Reseller will be notified within forty-eight (48) hours if COMPANY, using reasonable efforts, is unable to fulfill an order within ten (10) Working Days of receipt of a purchase order.

Shipments will be deemed to comply with quantity and type ordered unless the Reseller notifies COMPANY of any error or omission with five (5) Working Days of receipt.

5.4 Payments

Credit will be established by COMPANY and will be determined upon standard review. COMPANY, in its sole discretion, may raise or lower the Reseller’s credit limit from time to time. Terms of payment are net thirty (30) days upon shipment of Products from Company’s U.S. warehouse or the customs point of U.S. entry if ordered from the UK warehouse. After thirty (30) days interest will accrue on unpaid balances at a rate of 1.5% simple interest per month. All statements of balances owing from Reseller to COMPANY shall be deemed to be accepted by Reseller unless objected to in writing within thirty (30) days after the date of such statement.
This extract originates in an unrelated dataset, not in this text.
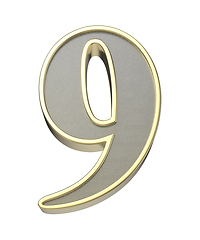 Image showing Golden number 9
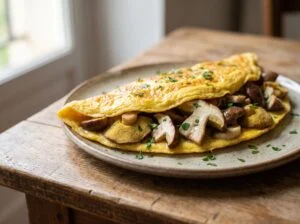 Omelette aux cèpes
COMPANY reserves the right to hold purchase orders on new orders received if the balance of the Reseller account exceeds its’ established credit limit. If Reseller continues to be late in paying outstanding invoice balances COMPANY has the right to demand pre-payment on purchase orders until such time as the Reseller pays all outstanding late and over-credit-limit invoices. Furthermore, notwithstanding anything contained herein to the contrary, in the event Reseller’s purchase orders are placed on hold by COMPANY as a result of Reseller’s inability to tender payment to COMPANY in accordance with the terms hereof, COMPANY shall, in addition to any other rights it may have in law or equity under the terms hereof, have the right to accept purchase orders directly from Clients in the Territory without the payment of any commission to Reseller which would otherwise be required under the terms of this Agreement.

5.5 Returns

Returns for defective Products will be accepted for a period of up to thirty (30) days after shipment. Shipping costs are the responsibility of COMPANY for defective Product returns. COMPANY will ship the replacements for defective Products at it’s own expense if COMPANY agrees that no other remedy other than return is acceptable Credit on accounts will be granted to authorized returns bearing a Return Material Authorization (“RMA”) number only. Return requests and provision of Return Material Authorization numbers shall be made through the Director of Operations of COMPANY. No returns will be made without provision of this RMA.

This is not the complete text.